**Exercise requirements:** Copy the data exactly from the line that contains "Alfa Romeo Stelvio" through the line that contains "Satılır 4 otaqlı mənzil 182 m²", keeping both end lines and leaving out everything else.

··· Provided data

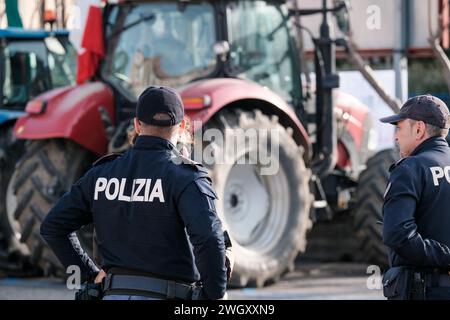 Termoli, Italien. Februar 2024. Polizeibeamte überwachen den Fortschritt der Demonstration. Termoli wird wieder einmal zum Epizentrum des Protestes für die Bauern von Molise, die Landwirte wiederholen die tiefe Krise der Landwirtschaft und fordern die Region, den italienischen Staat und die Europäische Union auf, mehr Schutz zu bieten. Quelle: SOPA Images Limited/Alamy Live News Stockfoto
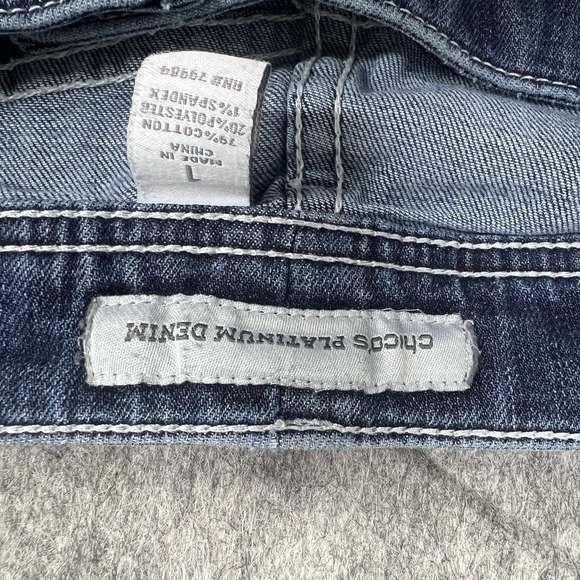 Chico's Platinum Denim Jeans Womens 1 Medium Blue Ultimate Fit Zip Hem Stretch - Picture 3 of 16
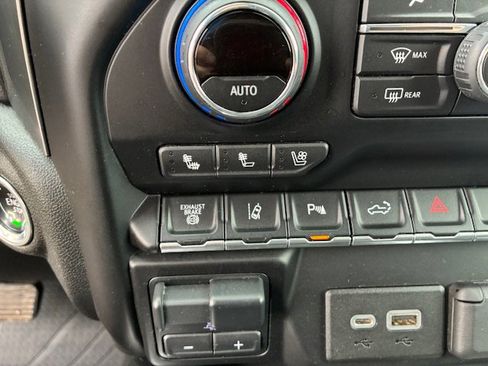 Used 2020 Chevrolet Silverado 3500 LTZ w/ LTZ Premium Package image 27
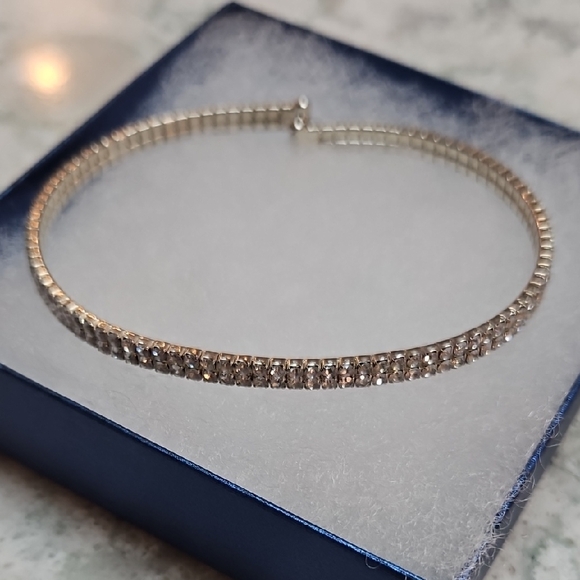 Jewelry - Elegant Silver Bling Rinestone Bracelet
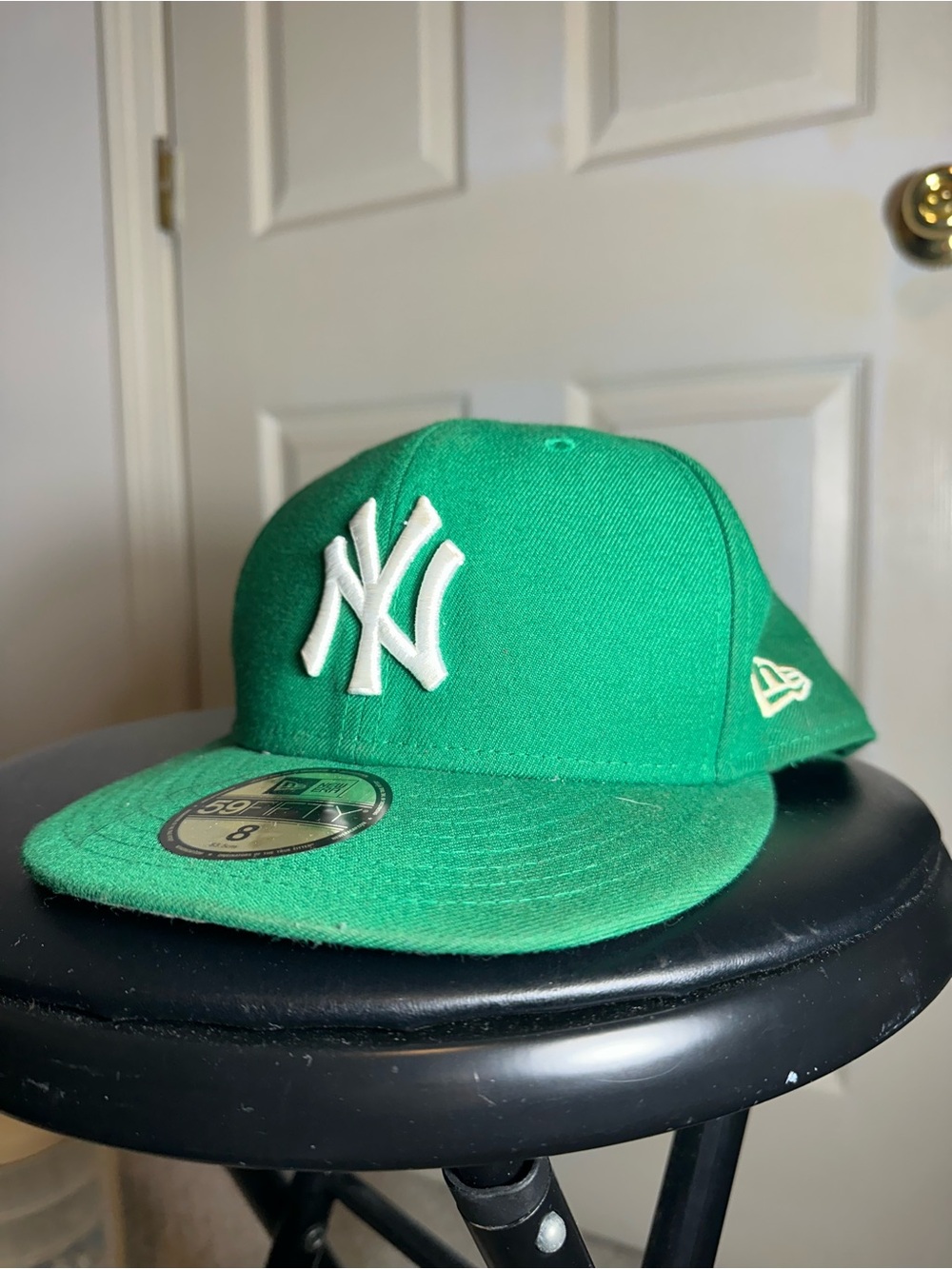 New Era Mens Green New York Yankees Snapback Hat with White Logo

······
··· Provided data

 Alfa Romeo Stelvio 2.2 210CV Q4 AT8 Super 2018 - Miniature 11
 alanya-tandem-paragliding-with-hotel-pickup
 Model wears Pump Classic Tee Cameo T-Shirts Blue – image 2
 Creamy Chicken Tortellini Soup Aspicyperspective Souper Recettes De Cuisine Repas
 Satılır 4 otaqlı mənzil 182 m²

······

**Problem solution:**
 Alfa Romeo Stelvio 2.2 210CV Q4 AT8 Super 2018 - Miniature 11
 alanya-tandem-paragliding-with-hotel-pickup
 Model wears Pump Classic Tee Cameo T-Shirts Blue – image 2
 Creamy Chicken Tortellini Soup Aspicyperspective Souper Recettes De Cuisine Repas
 Satılır 4 otaqlı mənzil 182 m²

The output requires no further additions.